Du treize avril mil huit cent quarante huit, Audience publique tenue par Monsieur de Kergrist, Président, Bocher et Ollivier, juges.

Présent : M. Gouin, commissaire du Gouvernement poursuivant l'audience.

 

Contre :

 

Yves Le Bars, âgé de 32 ans, époux de Catherine Le Roux, laboureur né à Maël-Pestivien, demeurant à Duault et Christian Le Bail, âgé de 53 ans, époux de Marie Anne Steunou, né à Pestivien, demeurant à Maël-Pestivien, inculpés de rébellion, détenus.

 

            A l'appel de la cause, M. Le Commissaire du Gouvernement a exposé l'affaire ; les pièces ont été lues par le commis-greffier. Les témoins ont été auditionellement (sic) et séparément entendus en leurs dépositions. Le serment de dire toute la vérité, rien que la vérité ayant été préalablement prêté par eux. Les prévenus ont été interrogés. M. Kermarquer, avocat, défenseurs des prévenus a fait valoir les moyens de défense de ses clients et demander à ce qu'il plût au tribunal  de renvoyer Christophe Le Bail hors procès, d'appliquer à Yves Le Bras le bénéfice des circonstances atténuantes. M. le Commissaire du Gouvernement a ensuite résumé l'affaire et conclu à ce que les deux prévenus fussent condamnés chacun à trois mois de prison et à une amende par application des articles 209, 212 et 218 du code pénal. Les dits prévenus ont encore été entendus en leur moyen de défense, puis le tribunal ayant délibéré le Président a prononcé le jugement suivant :

 

            Considérant que des divers documents du procès ressortent les faits suivant :

 

            Le cinq avril, jour de marché à Callac, divers individus, entre autres, Yves Le Bras disaient dans la foule que désormais l'on n'était pas obligé de payer le droit de place puisqu'il n'y avait plus de maître. Yves Marie Le Lorinquer, chargé de percevoir le droit mentionné s'adressa à Christophe Le Bail qui refusa de payer pour l'emplacement d'un sac de blé. On alla prévenir le sieur Lancien, adjoint au maire de Callac, qui chercha à persuader le récalcitrant ; mais celui-ci persista dans son refus. Alors l'adjoint dit à un nommé Jacques Marie Le Roy de porter le sac de Le Bail à la mairie. Le Roy ne l'eut pas plutôt posé sur ses épaules qu'on vit se lever un grand nombre de bâtons qui tombaient sur le sac et sur celui qui le portait. Le Bras porta au sieur Lancien un coup de manche de fouet sur la tête et le renversa. Le Bail le saisit au collet. Le Bras s'en prit ensuite à M. Le Vaillant et lui porta avec son manche de fouet un autre fort coup sur la main gauche. Il le poursuivit jusqu'à la demeure de l'hôtelier Thomas et chemin faisant, il porta aussi des coups à un sieur Jouan. Le Bail, a de son côté porté un coup de pied à un gendarme qui aidait à maintenir l'ordre. Le sieur Lancien n'est adjoint de la mairie de Callac que depuis très peu de temps et il est appris que quand il se présenta dans la foule pour donner des ordres, il n'avait point d'écharpe. Les prévenus maintiennent qu'ils ignoraient sa qualité d'adjoint.  

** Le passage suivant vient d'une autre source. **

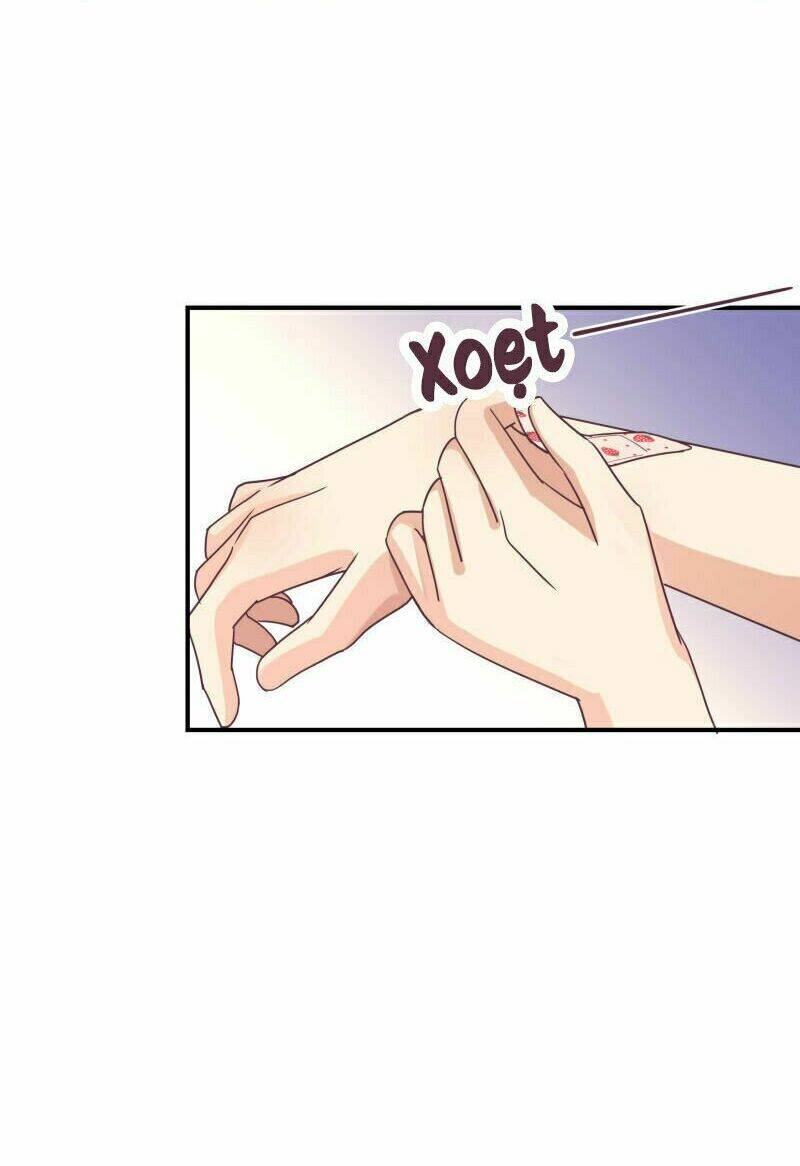 Cuồng Duệ Tiểu Thê Chapter 50 - Trang 2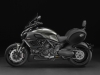 ducati-diavel-strada-laterale-sinistro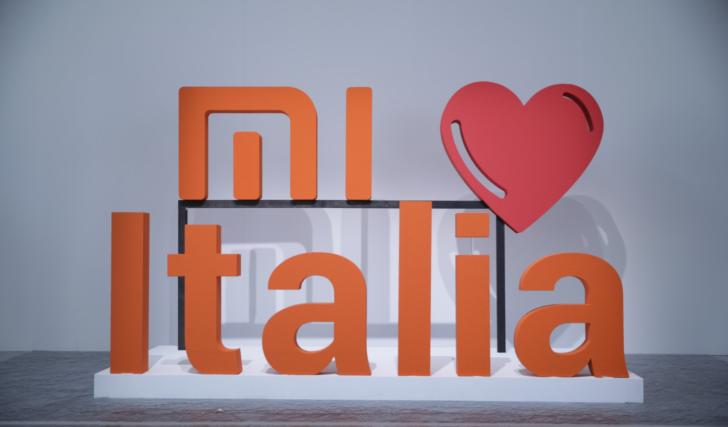 小米发布小米1,小米发布会小米1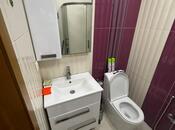 İcarəyə verilir 2 otaqlı yeni tikili 60 m², 20 Yanvar m., photo 6 from 6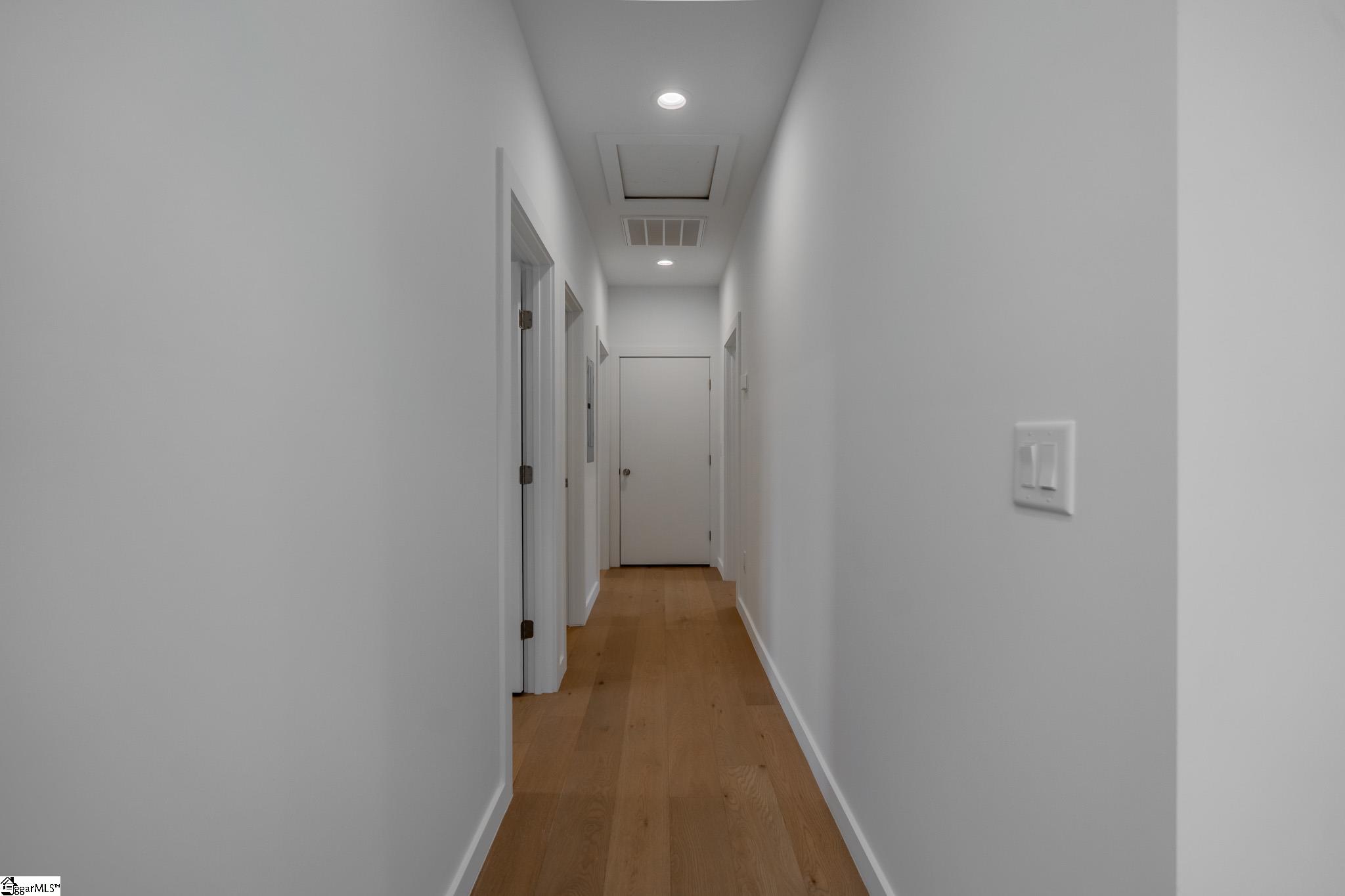 11 Mount Zion Avenue Greenville, SC 29607 - Photo 25 of 35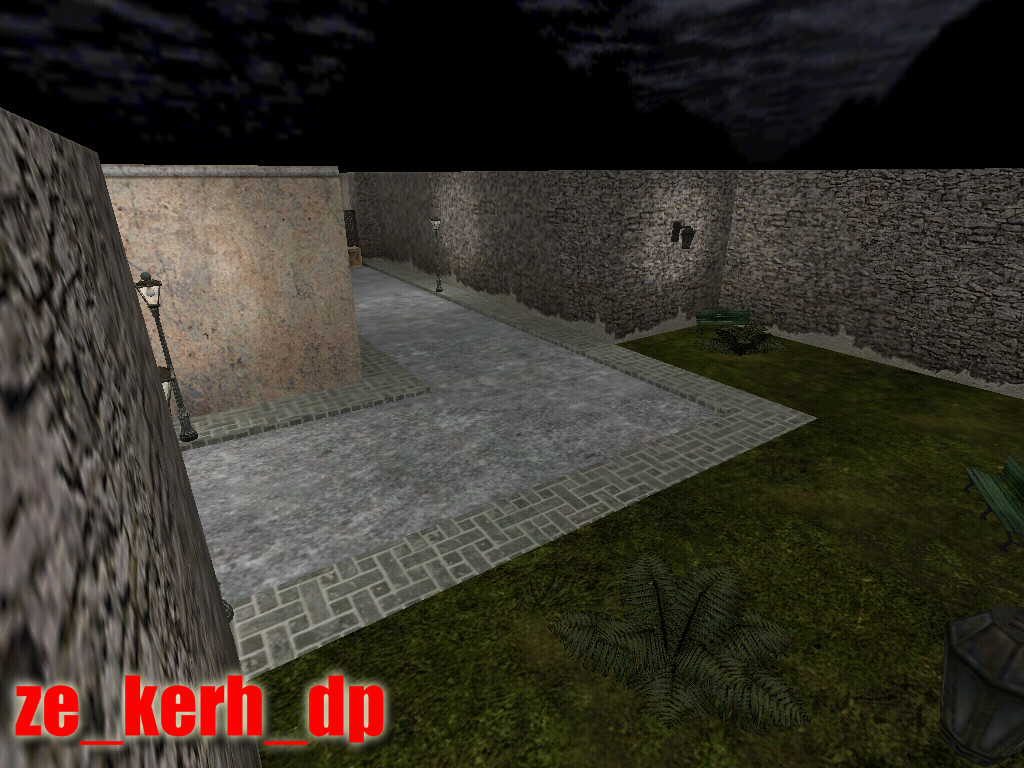 Download ze_kerh_f1_dp - Screenshot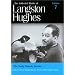 The Early Simple Stories (Collected Works of Langston Hughes, Vol 7)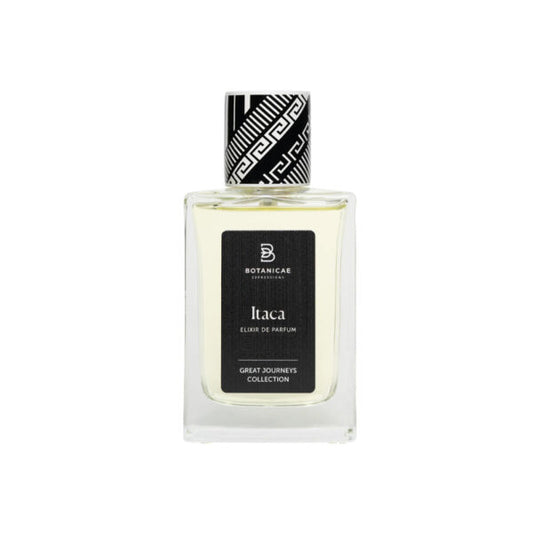profumi,  Note di testa cuore fondo profumo, Profumo per ogni stagione Profumo uomo/donna,  Migliori profumi 2025,  Profumi di nicchia,  Profumo estate inverno,  Profumi persistenti,  Profumi freschi dolci floreali,  Profumi nuovi 2025,  Profumo economico di qualità,  Profumo naturale bio,  Profumi unisex, Profumo per occasioni speciali,  Profumo di lusso, Siti per comprare profumi online, Profumi più venduti,  Recensioni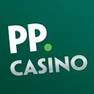 Paddy Power Casino discount codes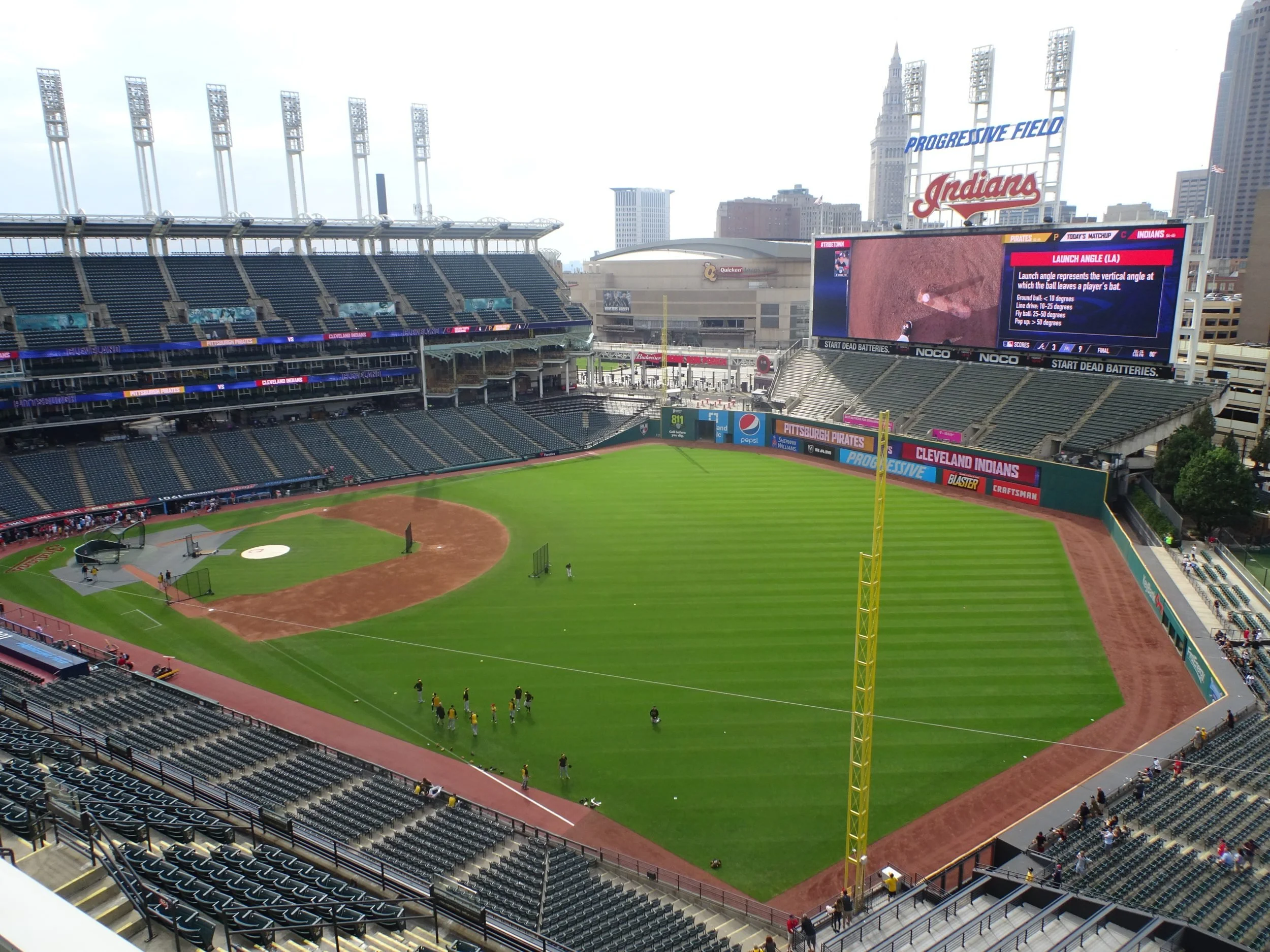 Cleveland09465.jpg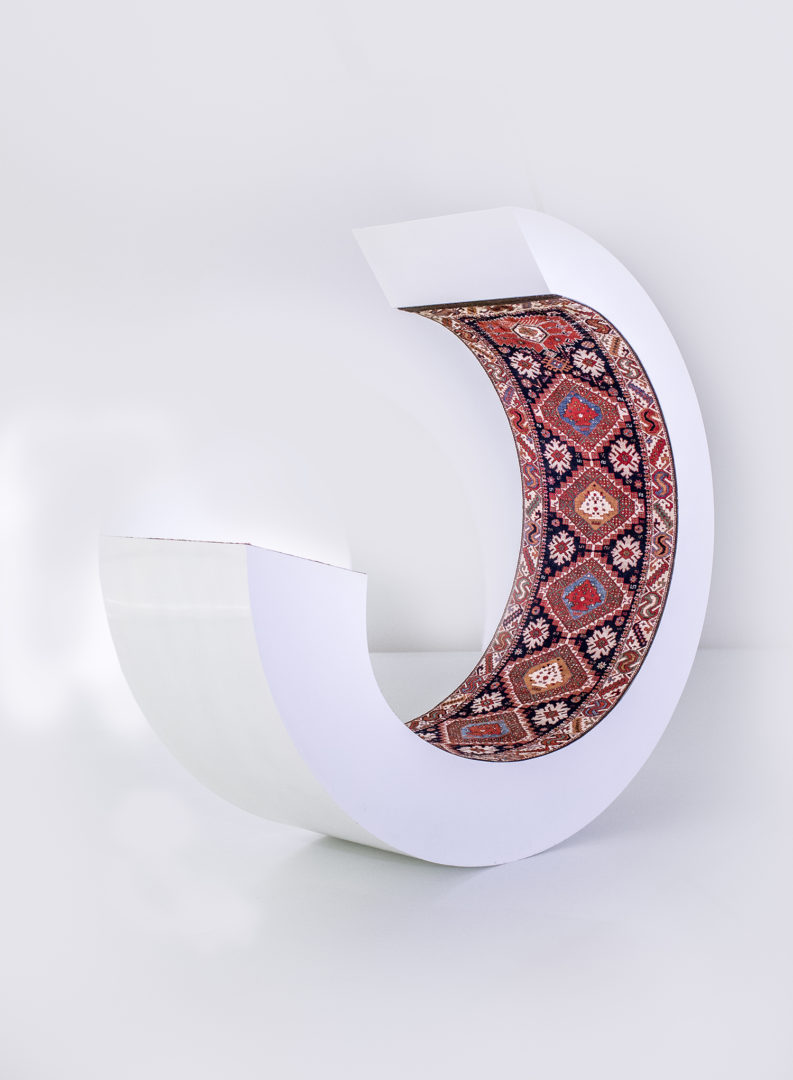 faig-ahmed-kuenstler-03_renk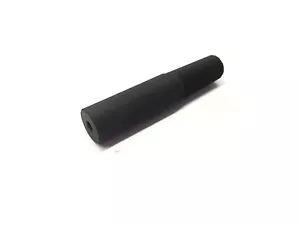 POCO EDM-3 TAP 3/4-14 NPT - Picture 1 of 1
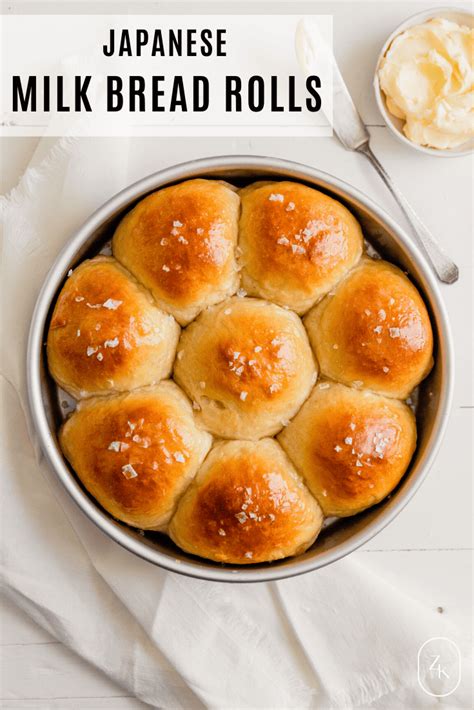 How does Milk Roll Bread fit into your Daily Goals - calories, carbs, nutrition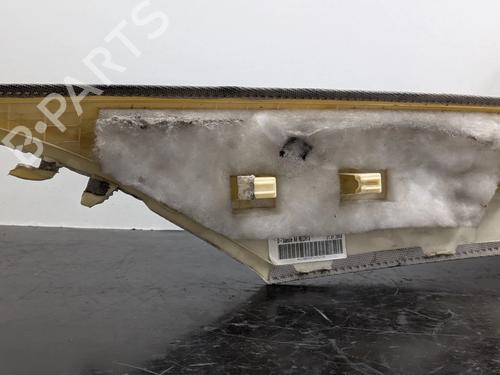 Other AUDI A6 C6 (4F2) 2.0 TDI | BP40463024O1 - Image 9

                                                                            

Le marché de Callac vers 1900

Considérant que des faits ci-dessus, il résulte de suffire que les prévenus Le Bras et Le Bail, dont le premier était armé d'un manche de fouet, ont résisté avec violence et voie de fait à un préposé à la perception des taxes ou du moins à ceux qu'il a requis de l'assister dans sa perception, au nombre desquels se trouvait un gendarme ; qu'ainsi ils se sont rendus coupable de délit de rébellion prévu par l'article 209 et par l'article 212 du code pénal ; que de plus Le Bras en se reportant à des excès à l'égard des sieurs Le Vaillant et Jouan s'est rendu responsable des peines portées par l'article 311 du code mentionné, combiné avec l'article précité 212, attendu qu'en cas de conviction de plusieurs délits, la peine la plus forte doit être seule appliquée ;

            Considérant aussi que la Cour présentant des circonstances atténuantes ; application doit être faite des dispositions de l'article 463 dernier paragraphe du code mentionné.

 

            Par ce motif,

Le Tribunal condamne 1°, Yves Le Bras à trois mois de prison, 2°, Christophe Le Bail à quarante cinq jours de la même peine, le tout en vertu des articles précités qui ont été lus par le Président et sont ainsi connus :

            Article 209. " Toute attaque, toute résistance avec violence et voie de fait envers les officiers ministériels, les gardes champêtres ou forestiers, la force publique, les préposés à la perception des taxes et contributions, les porteurs de contraintes, les préposés des douanes, les séquestres, les officiers chargés de la police administrative ou judiciaire agissant pour l'exécution des lois, des ordres ou coordonnateur de l'autorité publique des mandats de justice ou jugements, est qualifié, selon les circonstances, crime ou délit de rébellion"

 

            Article 212. " Si la rébellion n'a été commise que par une ou deux personnes avec armes, la peine est comprise entre deux mois à deux ans de prison, si elle a été faite sans arme, d'un emprisonnement de dix jours à six mois.

 

            Article 311. " Lorsque les blessures ou les coups n'auront occasionné aucune blessure ou incapacité de travail de l'espèce mentionné en l'article 309, le coupable sera puni d'un emprisonnement de deux jours à deux ans et d'une amende de seize francs à deux cent francs ou de l'une des condamnations seulement. S'il y a eu préméditation ou guet-apens, l'emprisonnement sera de deux ans à cinq ans et l'amende de cinquante francs à deux cent francs"

 

            Article 483. dernier § " Dans tous les cas la peine de l'amende et celle de l'emprisonnement sont prononcées par le Code pénal, si leurs circonstances paraissent atténuantes, les tribunaux correctionnels sont autorisés même en cas (?) à réduire l'emprisonnement même en dessous de six jours et l'amende même au-dessous de seize francs. Ils pourront ainsi prononcer séparément l'une ou l'autre de ces peines et même substituer l'amende à l'emprisonnement, sans qu'en aucun cas, elle puisse être au-dessous des peins de simple police."

 

            Condamnons aussi les mêmes Le Bras et Le Bail solidairement aux frais liquidés à la somme de cent trente cinq francs cinquante centimes, enregistré (?) retrait et significations du présent jugement outre, le tout  par corps.

 

                        Ainsi jugé et prononcé publiquement.